DATASET ENTRIES -
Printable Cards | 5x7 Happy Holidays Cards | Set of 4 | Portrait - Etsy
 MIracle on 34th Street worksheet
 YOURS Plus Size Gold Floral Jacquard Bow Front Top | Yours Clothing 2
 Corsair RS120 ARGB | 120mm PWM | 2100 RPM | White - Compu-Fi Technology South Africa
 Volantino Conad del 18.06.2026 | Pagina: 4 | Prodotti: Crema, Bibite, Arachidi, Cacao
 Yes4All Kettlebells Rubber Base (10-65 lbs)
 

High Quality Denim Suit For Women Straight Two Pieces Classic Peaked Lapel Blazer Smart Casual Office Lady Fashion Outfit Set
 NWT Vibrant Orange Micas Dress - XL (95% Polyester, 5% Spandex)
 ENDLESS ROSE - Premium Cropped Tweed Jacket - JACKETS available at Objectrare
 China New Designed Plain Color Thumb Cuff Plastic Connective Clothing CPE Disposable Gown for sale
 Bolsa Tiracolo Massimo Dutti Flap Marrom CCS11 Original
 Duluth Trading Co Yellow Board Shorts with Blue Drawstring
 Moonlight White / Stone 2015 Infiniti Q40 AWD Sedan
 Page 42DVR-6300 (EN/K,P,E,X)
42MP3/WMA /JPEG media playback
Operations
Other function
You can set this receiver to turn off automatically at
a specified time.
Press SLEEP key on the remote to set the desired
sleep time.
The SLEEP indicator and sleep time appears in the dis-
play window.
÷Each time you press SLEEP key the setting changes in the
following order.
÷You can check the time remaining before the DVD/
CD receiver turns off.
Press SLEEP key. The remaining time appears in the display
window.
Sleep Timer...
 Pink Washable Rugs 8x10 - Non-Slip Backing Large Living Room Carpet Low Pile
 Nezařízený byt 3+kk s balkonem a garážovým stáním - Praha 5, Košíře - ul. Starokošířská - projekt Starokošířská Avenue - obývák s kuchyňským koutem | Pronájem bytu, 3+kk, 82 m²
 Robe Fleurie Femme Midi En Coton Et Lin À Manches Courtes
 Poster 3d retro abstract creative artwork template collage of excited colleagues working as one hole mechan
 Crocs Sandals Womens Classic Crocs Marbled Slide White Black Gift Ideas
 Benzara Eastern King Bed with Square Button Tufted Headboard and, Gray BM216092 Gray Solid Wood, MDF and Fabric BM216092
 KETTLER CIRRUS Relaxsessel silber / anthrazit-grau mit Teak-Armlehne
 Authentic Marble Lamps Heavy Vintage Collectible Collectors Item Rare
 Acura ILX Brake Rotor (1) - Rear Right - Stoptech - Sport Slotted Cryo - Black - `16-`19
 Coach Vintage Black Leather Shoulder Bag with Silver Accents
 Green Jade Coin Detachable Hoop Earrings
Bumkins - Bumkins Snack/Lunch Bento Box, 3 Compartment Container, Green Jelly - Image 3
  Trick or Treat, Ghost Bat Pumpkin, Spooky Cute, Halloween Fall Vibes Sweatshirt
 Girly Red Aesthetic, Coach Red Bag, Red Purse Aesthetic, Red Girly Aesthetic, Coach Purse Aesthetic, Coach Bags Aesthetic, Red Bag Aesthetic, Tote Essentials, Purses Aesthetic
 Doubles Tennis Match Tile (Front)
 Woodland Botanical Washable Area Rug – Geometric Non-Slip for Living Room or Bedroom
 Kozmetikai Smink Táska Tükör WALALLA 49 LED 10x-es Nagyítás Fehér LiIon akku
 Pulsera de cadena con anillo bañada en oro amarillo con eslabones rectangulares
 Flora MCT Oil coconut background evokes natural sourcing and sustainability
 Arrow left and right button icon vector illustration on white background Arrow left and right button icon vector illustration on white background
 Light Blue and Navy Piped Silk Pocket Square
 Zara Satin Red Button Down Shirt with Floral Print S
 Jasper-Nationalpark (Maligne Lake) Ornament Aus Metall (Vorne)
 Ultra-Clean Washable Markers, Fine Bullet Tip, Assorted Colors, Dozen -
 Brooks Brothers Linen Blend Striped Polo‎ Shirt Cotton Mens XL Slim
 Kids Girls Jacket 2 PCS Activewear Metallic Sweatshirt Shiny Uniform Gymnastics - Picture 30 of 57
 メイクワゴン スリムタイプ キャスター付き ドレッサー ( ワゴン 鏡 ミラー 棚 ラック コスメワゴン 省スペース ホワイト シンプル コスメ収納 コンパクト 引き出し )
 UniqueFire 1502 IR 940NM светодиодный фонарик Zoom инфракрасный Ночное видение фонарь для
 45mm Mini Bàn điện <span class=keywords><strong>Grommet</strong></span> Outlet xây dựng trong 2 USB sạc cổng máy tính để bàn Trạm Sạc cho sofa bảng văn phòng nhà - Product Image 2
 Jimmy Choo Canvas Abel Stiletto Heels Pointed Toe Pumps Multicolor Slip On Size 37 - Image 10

GOAL OF THE EXERCISE - Every line above that contains the word "Room" should be reported.

TASK OUTPUT -
 Pink Washable Rugs 8x10 - Non-Slip Backing Large Living Room Carpet Low Pile
 Woodland Botanical Washable Area Rug – Geometric Non-Slip for Living Room or Bedroom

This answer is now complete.